[RFC PATCH 7/8] hugetlb: add update_and_free_page_no_sleep for irq context

From: Mike Kravetz
Date: Fri Mar 19 2021 - 18:44:13 EST


The locks acquired in free_huge_page are irq safe. However, in certain
circumstances the routine update_and_free_page could sleep. Since
free_huge_page can be called from any context, it can not sleep.

Use a waitqueue to defer freeing of pages if the operation may sleep. A
new routine update_and_free_page_no_sleep provides this functionality
and is only called from free_huge_page.

Note that any 'pages' sent to the workqueue for deferred freeing have
already been removed from the hugetlb subsystem.
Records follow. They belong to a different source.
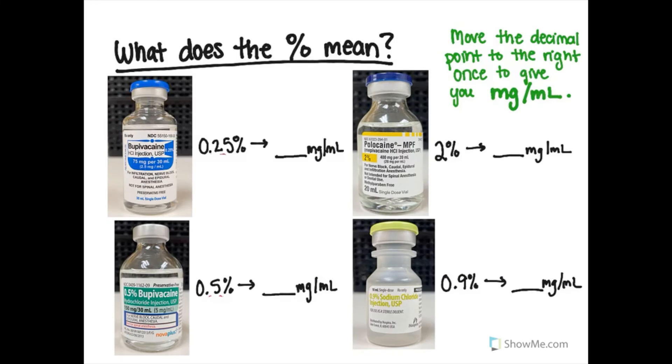What does that percentage sign mean? To convert a percentage concentration to milligrams per milliliter, just take the number and move the decimal point one place to the right. So bupivacaine 0.25% is 2.5 mg/mL. Half percent is 5 mg/mL. 2% is 20 mg/mL. This works with everything — even normal saline at 0.9% is 9 mg of sodium per mL, and D50 at 50% is 500 mg/mL. Keep track of the tip of your needle on ultrasound — you're going to rock that block!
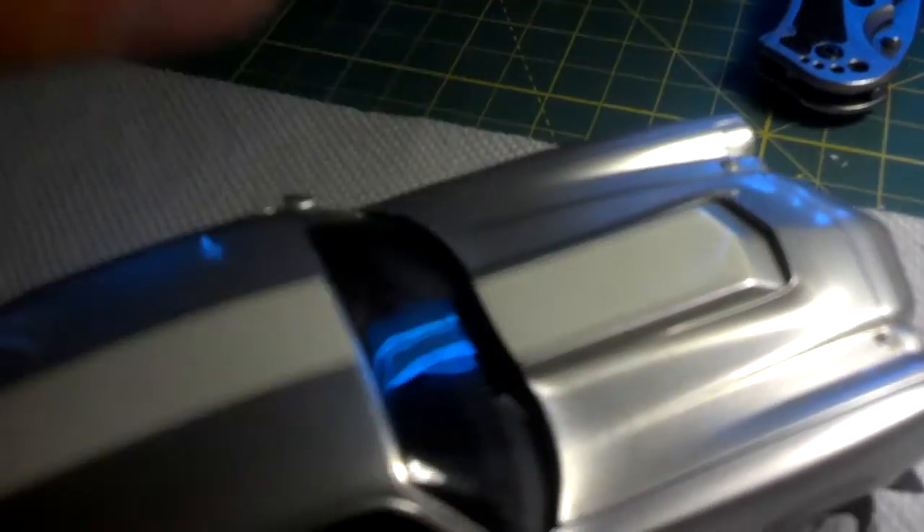I thought the body would hide it, but it didn't. The car's done. Alright, let's put this one aside and I will show you my next project.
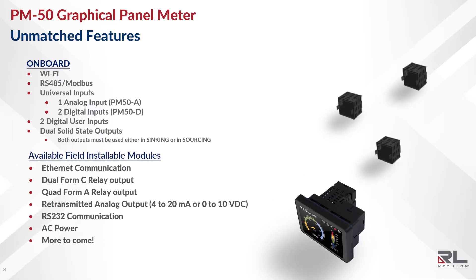The PM50 also features a modular construction for additional capability. There are several field-installable modules available to enhance the functionality of the unit and cater it to your application. These modules, which stack onto the rear of the unit, include Ethernet communications, dual and quad relay outputs, retransmitted analog output, RS-232 communication, and AC power, with more to come.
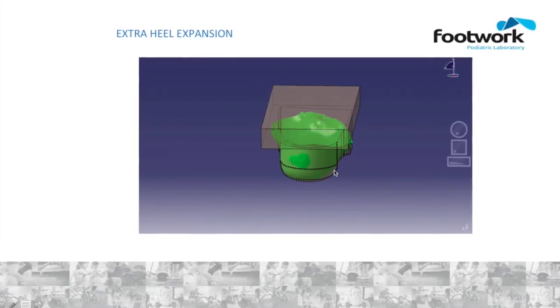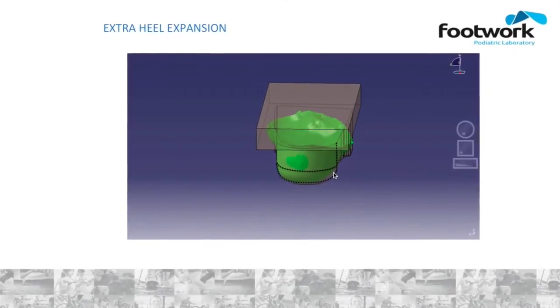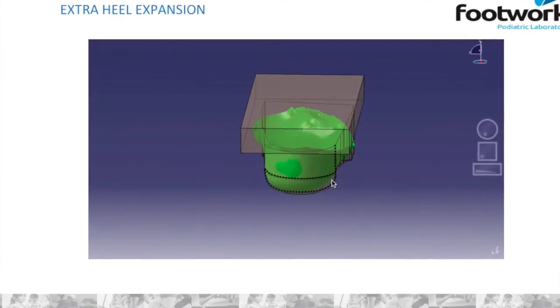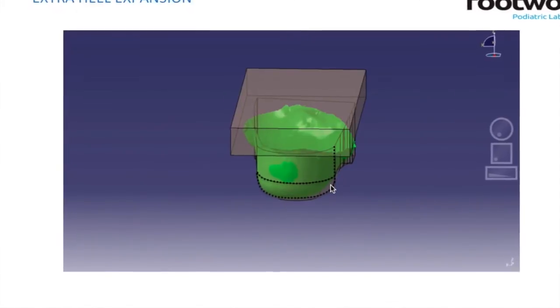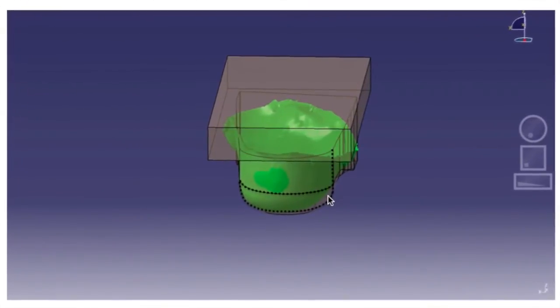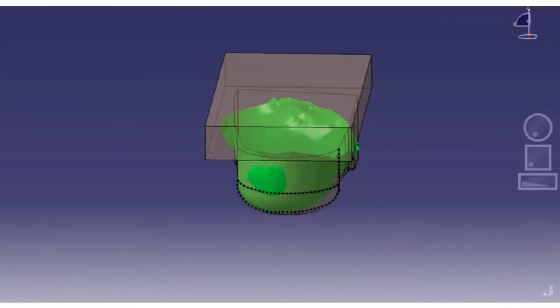Extra heel expansion. The operative word in this modification is 'extra.' It will give you 4mm of heel expansion to begin with. When you ask for extra heel expansion, that is on top of that 4mm. So if you ask for 4mm extra heel expansion, you will end up with 8mm, thus making the orthotic very wide. Please beware of that.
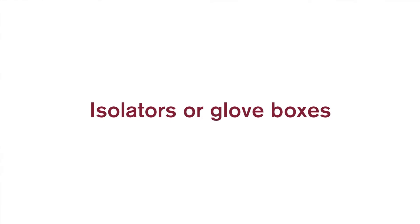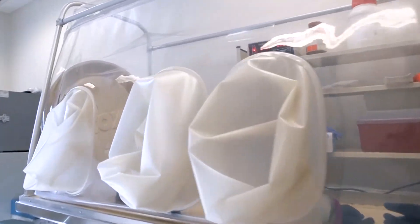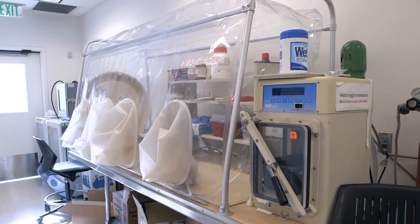Isolators or glove boxes are enclosed ventilation systems that can provide a controlled environment for handling chemicals. They do not provide a sterile environment. Inside the glove boxes, there is a working space that is completely separated from the environment around it.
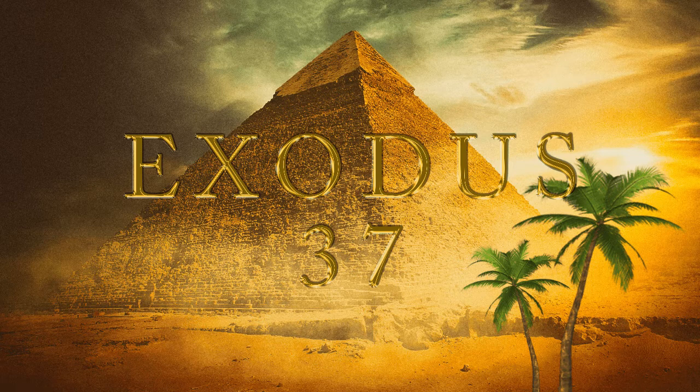And he made the mercy seat of pure gold. Two cubits and a half was the length thereof, and one cubit and a half the breadth thereof. And he made two cherubims of gold, beaten out of one piece made he them, on the two ends of the mercy seat, one cherub on the end on this side, and another cherub on the other end on that side. Out of the mercy seat made he the cherubims on the two ends thereof.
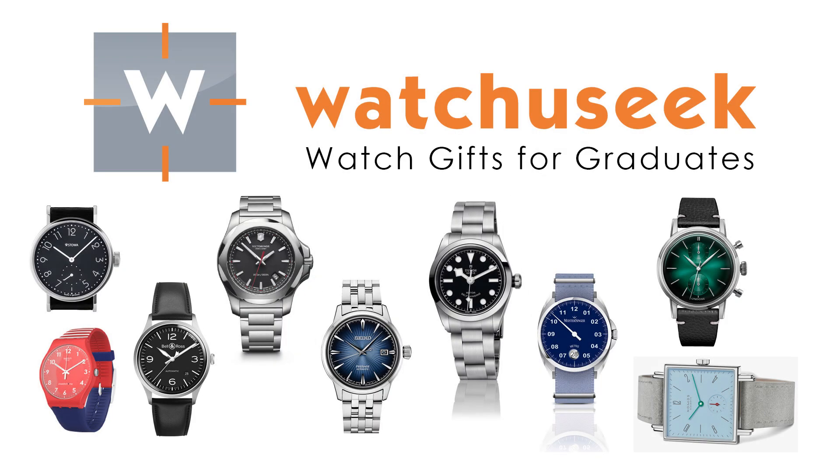Thanks for watching. If you like the video, give it a thumbs up, be sure to subscribe, and leave comments below. This is just a few of the watches out there, so leave a comment on what you would choose as your watch to give to a graduate.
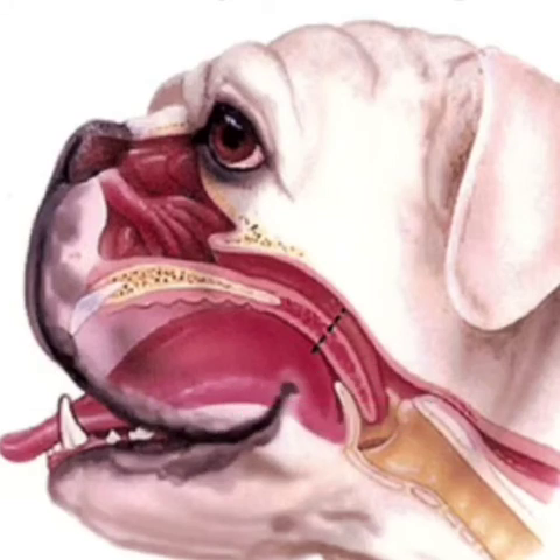The ongoing obstruction means dogs need to take deeper and deeper breaths with more force. Think of it like drinking a McDonald's thick shake with a small straw - if you suck with a lot of force, the straw can collapse. The windpipe is like that straw: if you're having to move air into your lungs with more and more force because the soft palate is blocking the opening, the larynx can actually collapse inwards. Once you've got laryngeal collapse, there's very little you can do surgically, so that's what you really want to avoid by shortening the soft palate.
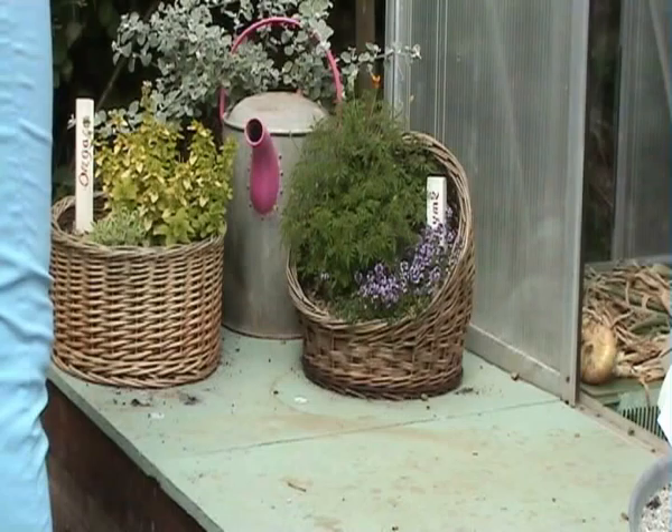These have very good drainage because they are just wicker baskets, and in the bottom of each one is just a bit of old bin bag. So there's lots of air circulation, which they love.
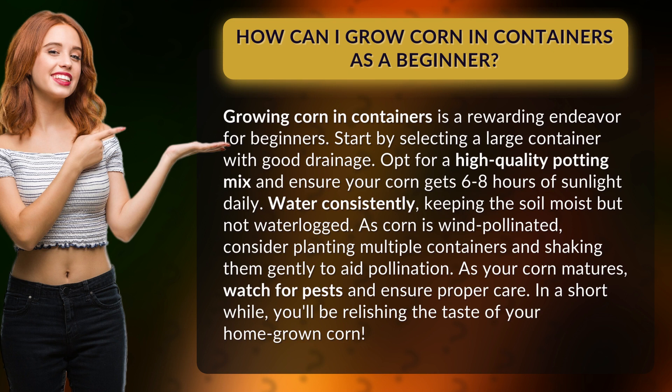Water consistently, keeping the soil moist but not waterlogged. As corn is wind-pollinated, consider planting multiple containers and shaking them gently to aid pollination.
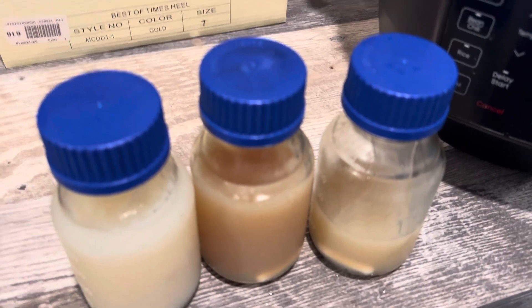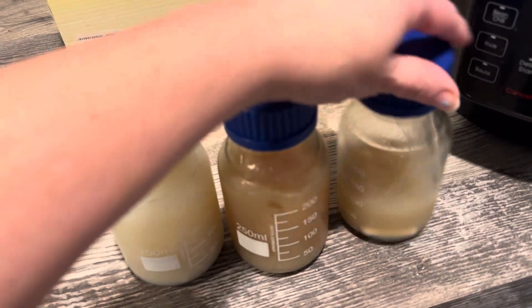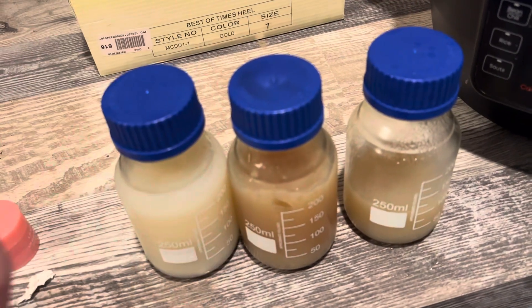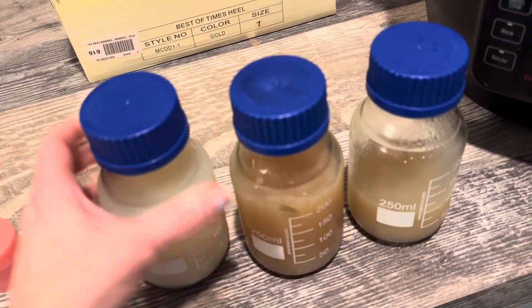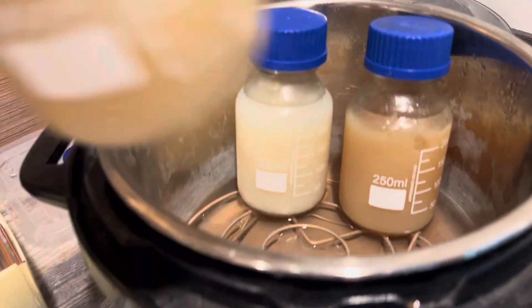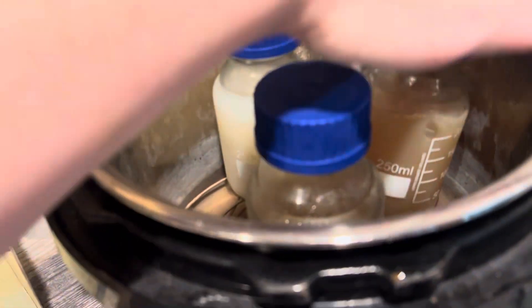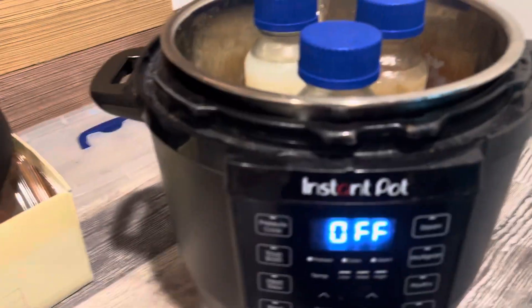One thing that I personally love about these media jars is that I can make a lot of agar at once, and then I can just take my agar when I'm ready to use it, put it in the fridge after I'm done, and then I just put it in my pressure cooker and pop it in there for 15 minutes using the setting to keep it warm.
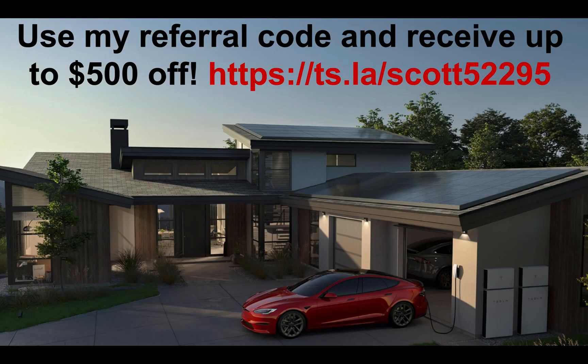Just a reminder: if you are ordering, use my referral code — you will potentially get some money off depending on whether Tesla are still doing the promotion, which they are right now, up to $500.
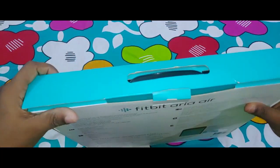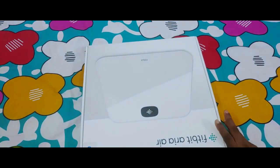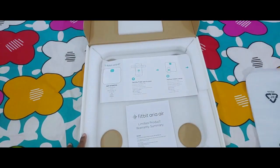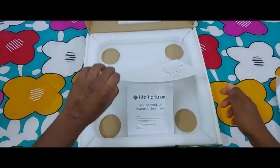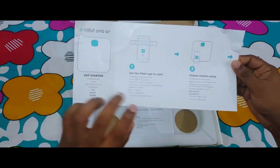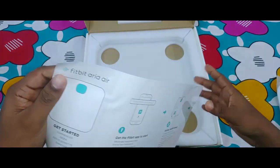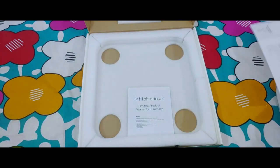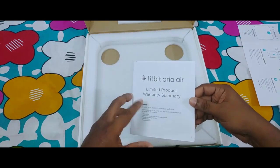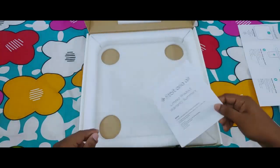So let's quickly open it up. We have the Fitbit Aria Air here at the back — we'll keep that aside for now. There's some paperwork here; it says 'Fitbit Aria — get started' and 'get the Fitbit app to start.' The first thing we need to do is install the Fitbit app on our smartphone so that we can connect this device and use it as a smart device. We also have a warranty card and some paperwork here.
What is actually
deferred is returning those base pages to the low level allocator.

Signed-off-by: Mike Kravetz <mike.kravetz@xxxxxxxxxx>
---
include/linux/hugetlb.h | 12 +++++-
mm/hugetlb.c | 86 +++++++++++++++++++++++++++++++++++++++--
2 files changed, 94 insertions(+), 4 deletions(-)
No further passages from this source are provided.